Saturday night’s thrilling grand final at Bankwest Stadium capped off another remarkable season in the NPLNSW Men’s 1, and our commentator Tony Tannous has run his eye across the season with this in-depth analytical feature.
Surveying the scene at the beginning of March, before a regular season ball had been touched, it appeared clear that this would perhaps be the most competitive NPLNSW season yet, with depth in quality across the league rising, and so it transpired.
The double winning champions and premiers of 2018, Sydney Olympic, had lost a key cog in their forward flow. While the Spaniard sharp shooter Alex Sanchez returned, the second half of the the dynamic attacking duo, the trigger, Max Burgess, fittingly had the opportunity to go on to the next level. How Abbas Saad filled such a big vacancy was always going to be the big question out Belmore way.
As for the runner up in both the regular season and 2018 finals, APIA Leichhardt Tigers, well they were stripped even more bare, losing both their 20 plus goal-scoring number 9 and 10, Jordan Murray and Tasuku Sekiya.
Take out three of the competition’s four gun attackers and it’s inevitable there would be an equalisation across the board, and when you looked at the off-season recruitment out at Bossley Park, who went on a spree that landed the likes of Roberto and Giorgio Speranza, Zach Cairncross, Mitch Mallia, Anthony Frangie, Connor Evans and Nathan Millgate, it was inevitable that many were pointing to the Marconi Stallions as perhaps the pre-season fancy.
Clearly Peter Tsekenis had built a formidable depth of experience that, once the chemistry came, would take some toppling.
I was equally impressed by the squad depth built by neighbours Sydney United, who brought in 2018 sharp shooter Peter Simonski from Wollongong, Liam Rose, Uruguyan Sebastian Gallegos and Josh Macdonald.
The reigning double-winners Olympic also went down the path of building a deep squad, bringing back Mitch Stamatellis, Harry and Michael Gaitatzis, and one felt that they, along with United, Marconi and the ever-present APIA would be the ones deciding where the title went.
But Luke Wilkshire had different plans. He had assembled a fresh squad of highly motivated players with a point to prove, including a sharp shooter visa player from the Canberra NPL named Thomas James. As well he drew on some of the standouts from the local Illawarra Premier League he felt could make the step up; Takeru Okada, Guy Knight and youngster Harry Callahan.
In central defence he partnered experienced NPL defender Nick Littler with a youngster stepping up from the Wolves under 20’s, Nikola Djordjevic, and had a squad of 20 players he believed were ready to contribute and could be call upon on at any time.
Prizing a very fit and hungry Lachlan Scott from Western Sydney Wanderers just before the season’s start was the icing on the cake, and they went about their work in the first half of the season making some massive statements at Lambert Park, Edensor Park and Belmore.
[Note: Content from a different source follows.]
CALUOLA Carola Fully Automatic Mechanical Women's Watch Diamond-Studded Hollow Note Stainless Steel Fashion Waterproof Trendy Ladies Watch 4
With Scott and Okada linking the play, goal-a-game Englishman James in full flight, untouchable at times, a rock solid defensive structure, and with a variation and potency at set pieces that opponents struggled to deal with, this was a unit that took the competition by storm.
They believed they were the fitest, most intense in the league, and in a 22-week sprint they got the jump and never looked back, delivering a high-octane rapid transition brand.
Those behind them were easing in, adjusting, trying to get the formula right during the season.
APIA, for example, were adjusting from a more high press and mobile formula that Murray and Sekiya allowed them to play to a more conservative template which allowed the incoming gun striker Chris Payne and veteran playmaker Franco Parisi the latitude not to do the high-octane pressing.
John Calleja was the third coach in as many years and had come into the season making no secret of the fact he is a more pragmatic 1-0 type manager that the 5-3 entertainers we had been used to seeing at Lambert Park the previous seasons, where they fell short.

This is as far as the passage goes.